Sur l’établi , écrite à
même une latte de bois, la phrase d’Einstein
« L’ordre est la vertu des
médiocres », dont il avait fait une commode devise. Je reviens chez
moi en terre connue. Mais ensuite, plus rien. Je monte à l’étage, cuisine,
chambre salon, séjour. J’ouvre les volets. Je vais au grenier, passe dans la chambre
de ma sœur aînée, et j’arrive dans la mansarde que mon père aménage quand j’ai treize
ans . Ma chambre. Mon domaine, qui
devient quand je quitte le lieu celui de ma petite sœur. Lambris de sapin aux murs et
au plafond, bureau fait dans la même essence, moquette verte au sol. J’aime cet
endroit. Il évoque les refuges en montagne qui me font rêver et que je
fréquenterai plus tard. J’y ai ma première érection. Je m’y fais ma première branlette en
songeant aux seins de ma professeur d’allemand de quatrième. J’y fume ma
première cigarette. J’y regarde des années durant sur un vieux poste en noir et
blanc le ciné-club de Claude-Jean Philippe, et c’est donc là, sous le toit, que
je rencontre jean Grémillon, Julien Duvivier, Ernest Lubitsch, Frank Capra,
Federico Fellini et quelques autres. Le même froid penaud trempe toutes les
pièces et j’ai beau respirer longuement, me moucher à plusieurs reprises
pour dégager mes narines,
fermer les yeux, je ne sens aucune odeur, aucun parfum. Rien. La maison ne sent
plus rien. Mon père est parti en emportant ce qui fait la marque de cette
habitation. Il est mort, et le parfum de la maison est mort en même temps que
lui. J’ai froid. C’est la première fois que j’écris ici depuis tant d’années.
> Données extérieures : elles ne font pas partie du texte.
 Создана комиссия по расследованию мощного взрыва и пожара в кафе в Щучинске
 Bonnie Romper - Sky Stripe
Plus de trente ans je pense. C’est aussi la dernière. Bientôt la maison sera
vendue, repeinte, transformée. Des être l’habiteront, y apporteront leurs vies,
leurs rêves, leurs peines, leurs angoisses et leur quiétude. Ils y dormiront,
s’aimeront, mangeront, se laveront, irons aux cabinets, bricoleront,
pleureront, riront, élèveront leurs enfants. Peu à peu la maison, comme une
cire malléable,
se conformera à eux, et retiendra leurs odeurs. Je sais qu’en passant devant
elle, à bicyclette ou en voiture, je ne la regarderai pas. Je ne pourrai pas.
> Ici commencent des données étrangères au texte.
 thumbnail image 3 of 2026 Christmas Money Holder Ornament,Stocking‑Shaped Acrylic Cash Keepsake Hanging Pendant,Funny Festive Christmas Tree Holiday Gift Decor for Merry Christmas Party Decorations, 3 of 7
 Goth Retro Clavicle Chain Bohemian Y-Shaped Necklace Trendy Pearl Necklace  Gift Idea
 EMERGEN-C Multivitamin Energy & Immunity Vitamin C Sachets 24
En allant à Sommerviller, je préférerai tourner la tête vers la droite, vers le
cimetière, vers les morts, vers mon père. C’est triste de ne plus rien sentir..
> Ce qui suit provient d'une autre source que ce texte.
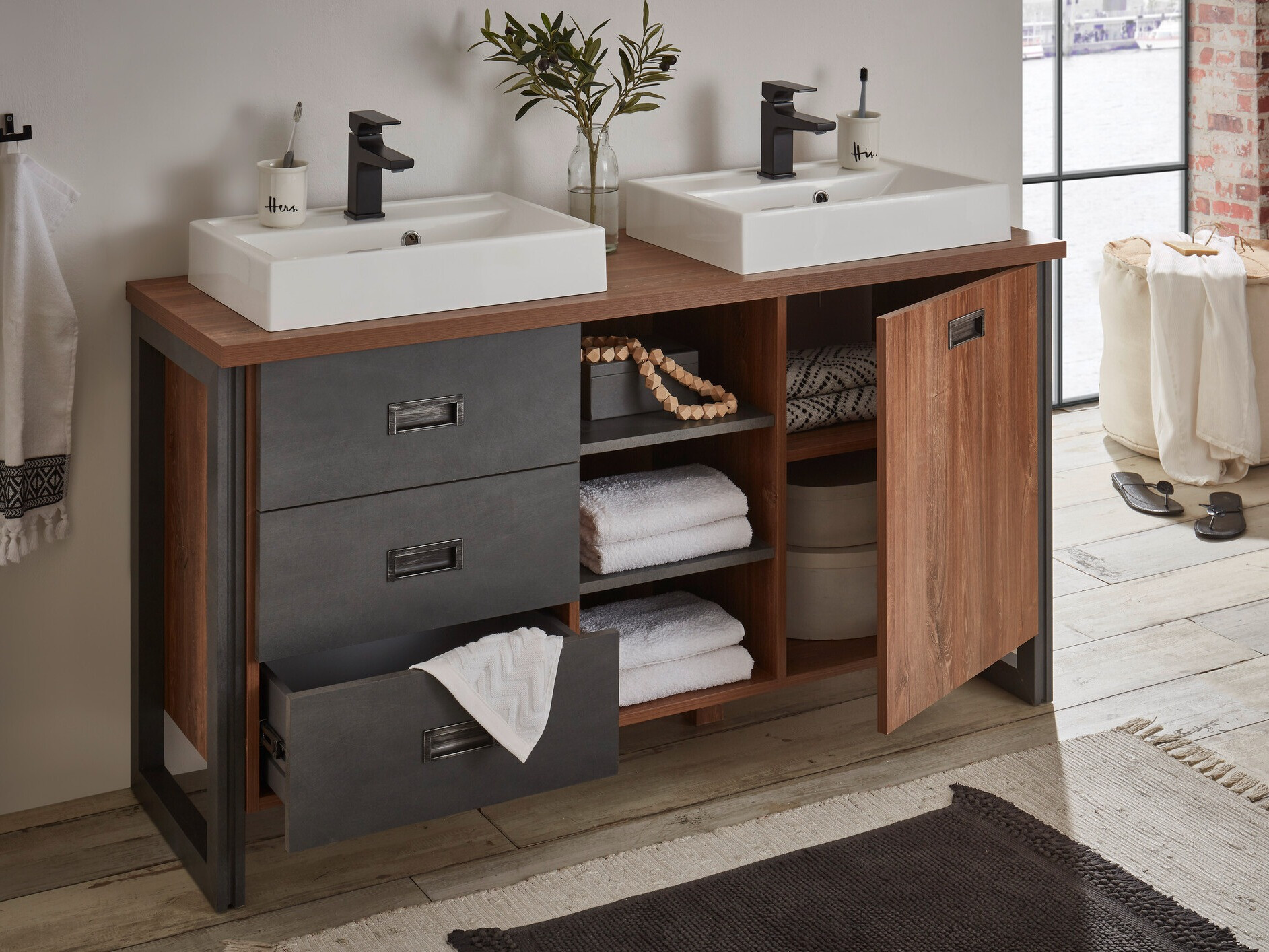 Stående badeværelseskab til håndvask Virmeli 141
C’est triste d’être là, dans la maison froide qui a perdu son parfum comme Peter
Schlemihl a perdu son ombre. Je pensais être ému. Je pensais même pleurer moi
qui pleure si facilement. Mais non. Je suis seulement surpris. Étonné. Je ne
sais pas si c’est moi qui ai dérivé
ou si c’est la maison. Mais nous sommes désormais comme deux étrangers l’un à
l’autre. Après tout, c’est ma faute. Personne ne m’a forcé à y revenir. Je vais
partir. Je vais refermer les volets, les lumières, les portes, actionner les
trois verrous. Je vais
retourner dans la vie. Ici, je n’ai plus ma place. Je viens de le comprendre.
Je viens aussi d’éternuer. Si je reste encore, je sens que je vais m’enrhumer. Chez nous, on dit attraper la mort.